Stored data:
-------

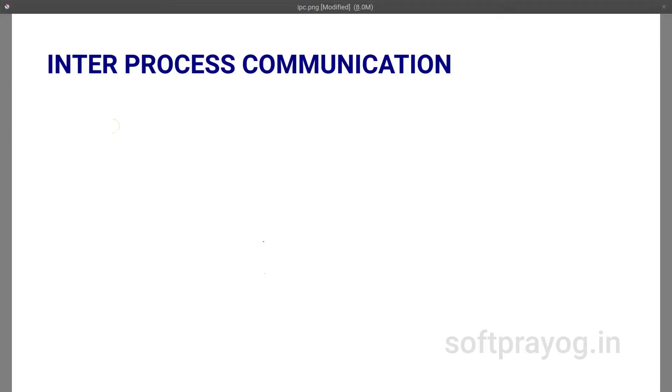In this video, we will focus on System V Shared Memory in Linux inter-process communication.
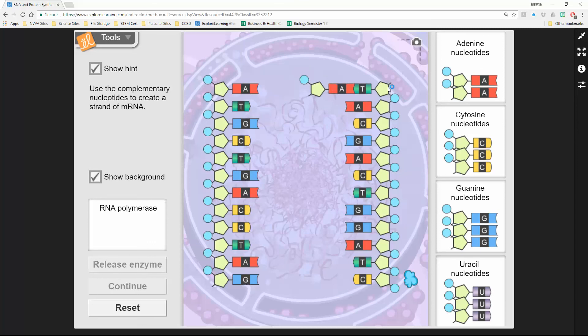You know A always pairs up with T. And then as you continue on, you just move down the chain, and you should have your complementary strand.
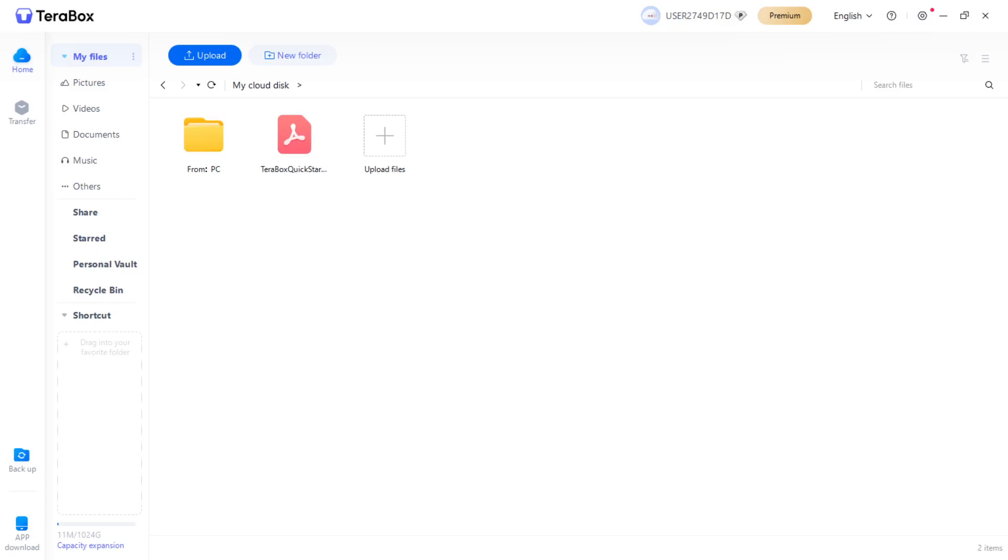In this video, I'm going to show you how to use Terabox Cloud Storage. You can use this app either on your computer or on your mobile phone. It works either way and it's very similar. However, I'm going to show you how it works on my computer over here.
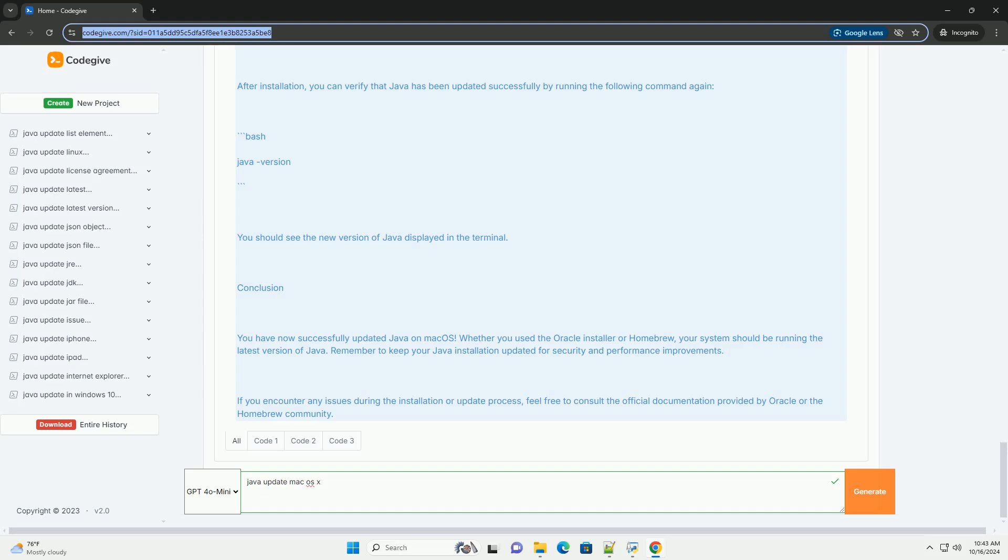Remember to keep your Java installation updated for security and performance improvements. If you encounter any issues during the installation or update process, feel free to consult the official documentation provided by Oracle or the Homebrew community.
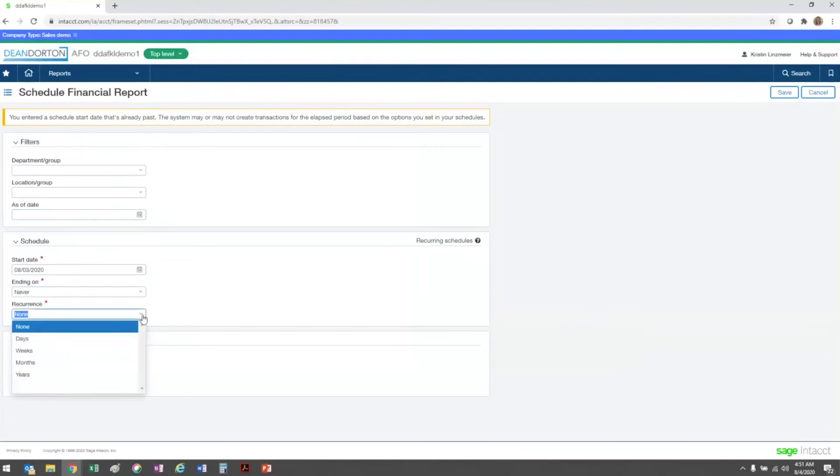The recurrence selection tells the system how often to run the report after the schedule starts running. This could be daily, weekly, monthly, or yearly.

-------

Leaving the pictures out, give back each line above exactly.

In this video, we will focus on System V Shared Memory in Linux inter-process communication.
You know A always pairs up with T. And then as you continue on, you just move down the chain, and you should have your complementary strand.
In this video, I'm going to show you how to use Terabox Cloud Storage. You can use this app either on your computer or on your mobile phone. It works either way and it's very similar. However, I'm going to show you how it works on my computer over here.
Remember to keep your Java installation updated for security and performance improvements. If you encounter any issues during the installation or update process, feel free to consult the official documentation provided by Oracle or the Homebrew community.
The recurrence selection tells the system how often to run the report after the schedule starts running. This could be daily, weekly, monthly, or yearly.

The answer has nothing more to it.